Among the entries below, which lines run from the line with "Older couple sitting" through the line with "A mountain biker"? Retype those, both ends included, exactly and without pictures.

─── Extracted information ───

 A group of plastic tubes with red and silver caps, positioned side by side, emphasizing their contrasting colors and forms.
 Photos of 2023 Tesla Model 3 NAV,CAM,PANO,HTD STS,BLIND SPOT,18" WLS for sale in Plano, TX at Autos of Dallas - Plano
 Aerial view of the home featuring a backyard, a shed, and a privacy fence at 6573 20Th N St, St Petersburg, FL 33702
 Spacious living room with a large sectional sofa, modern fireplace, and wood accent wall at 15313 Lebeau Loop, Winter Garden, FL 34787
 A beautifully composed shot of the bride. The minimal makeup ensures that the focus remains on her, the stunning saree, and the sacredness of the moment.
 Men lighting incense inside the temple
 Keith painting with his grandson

───
─── Extracted information ───

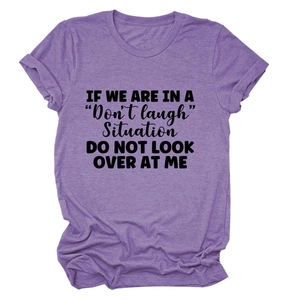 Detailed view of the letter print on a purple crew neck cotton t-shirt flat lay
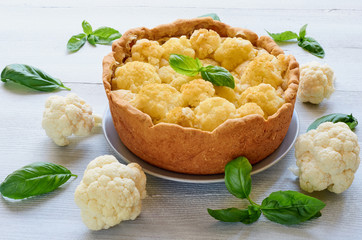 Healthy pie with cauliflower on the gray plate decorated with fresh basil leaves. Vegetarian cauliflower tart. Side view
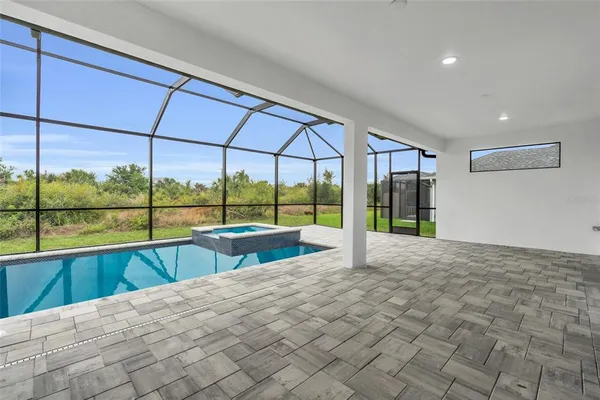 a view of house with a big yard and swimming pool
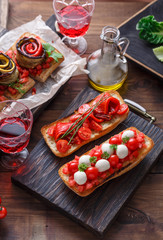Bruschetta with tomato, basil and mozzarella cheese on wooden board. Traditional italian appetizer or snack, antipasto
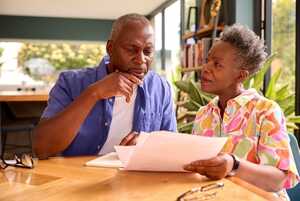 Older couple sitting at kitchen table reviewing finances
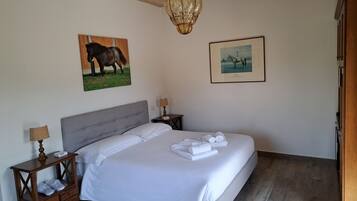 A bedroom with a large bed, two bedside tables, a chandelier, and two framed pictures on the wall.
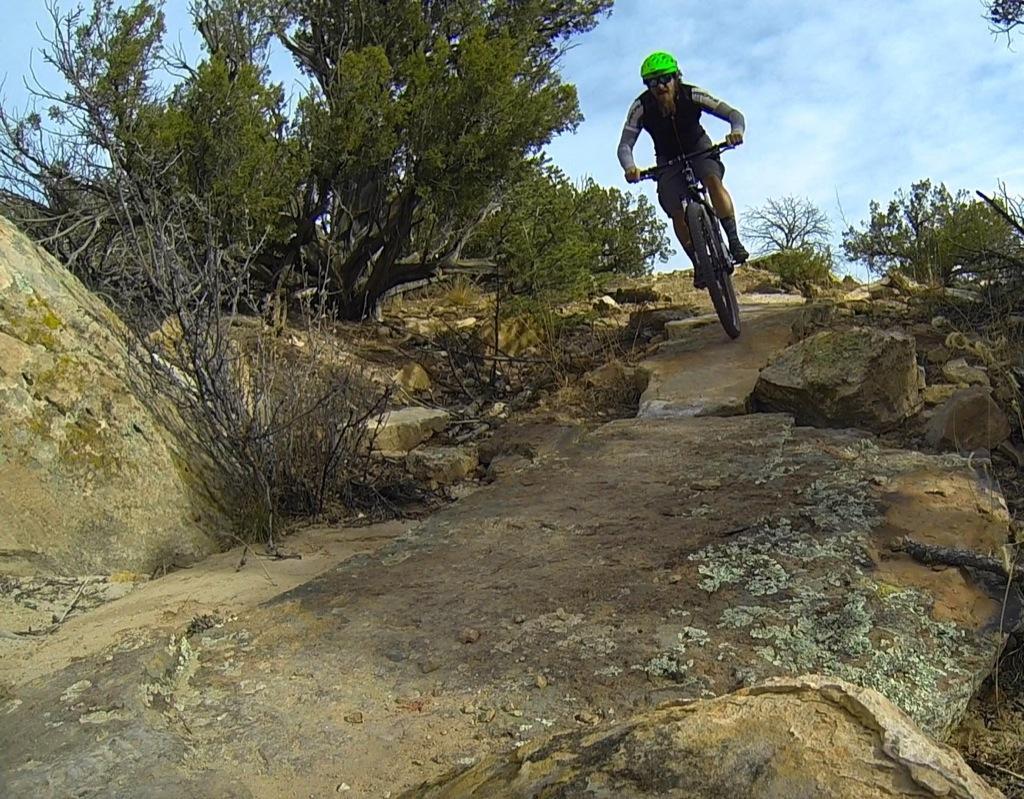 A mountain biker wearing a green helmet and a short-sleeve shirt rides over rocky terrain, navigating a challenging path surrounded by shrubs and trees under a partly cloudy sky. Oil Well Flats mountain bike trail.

───
─── Extracted information ───

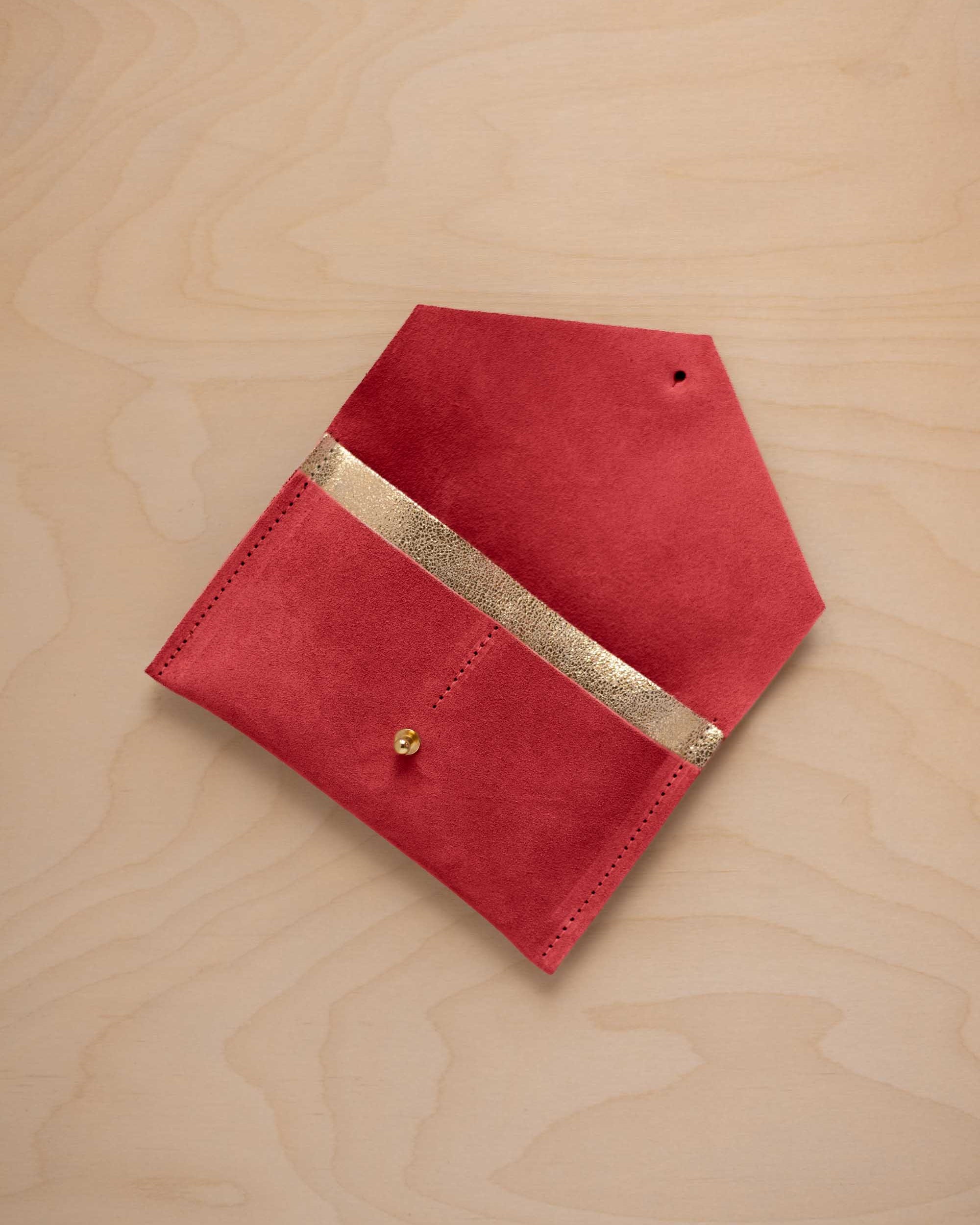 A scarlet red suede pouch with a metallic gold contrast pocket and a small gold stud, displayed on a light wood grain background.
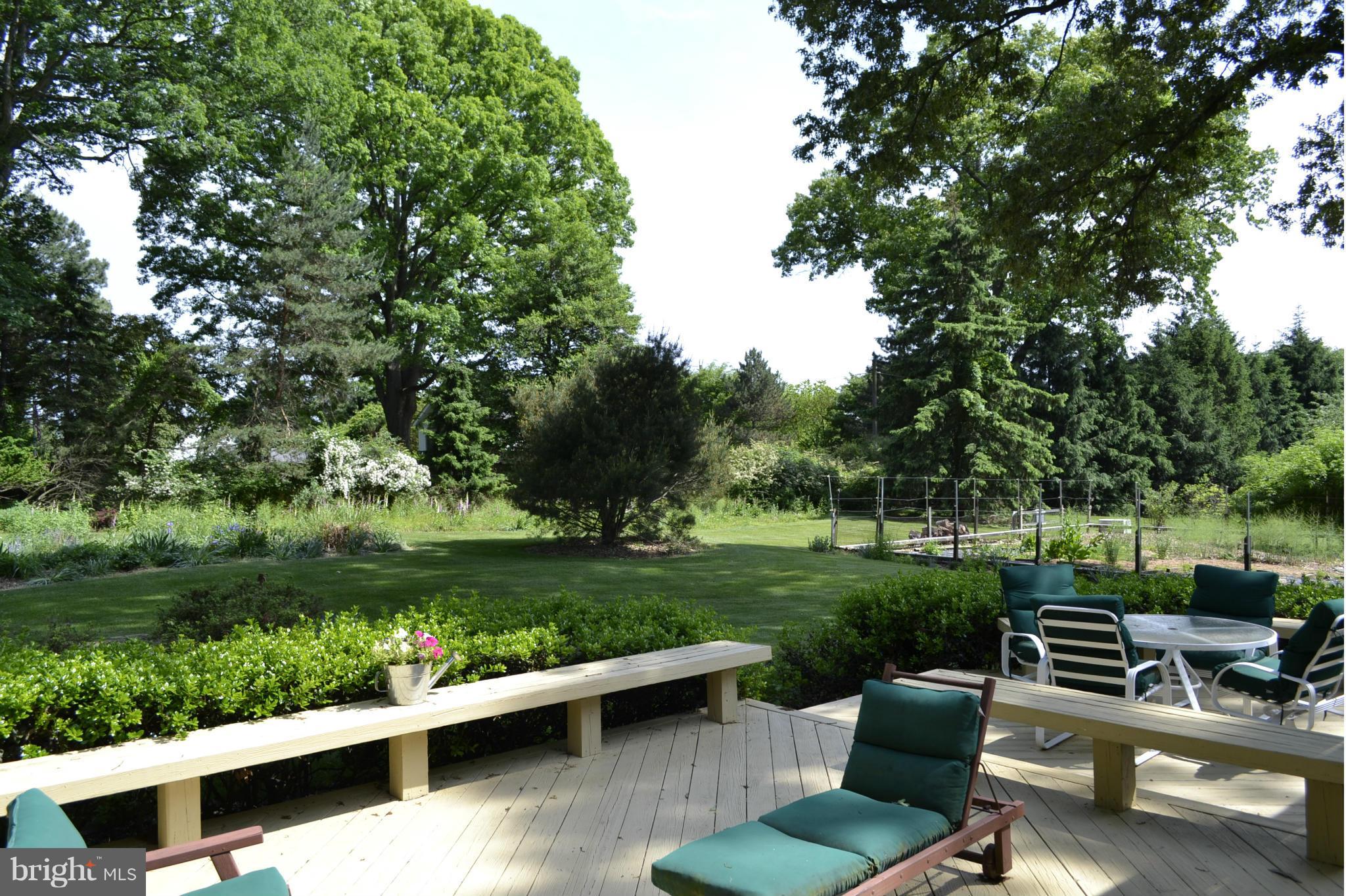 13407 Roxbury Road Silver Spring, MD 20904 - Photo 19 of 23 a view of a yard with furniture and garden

───

Output of the exercise |
 Older couple sitting at kitchen table reviewing finances
 A bedroom with a large bed, two bedside tables, a chandelier, and two framed pictures on the wall.
 A mountain biker wearing a green helmet and a short-sleeve shirt rides over rocky terrain, navigating a challenging path surrounded by shrubs and trees under a partly cloudy sky. Oil Well Flats mountain bike trail.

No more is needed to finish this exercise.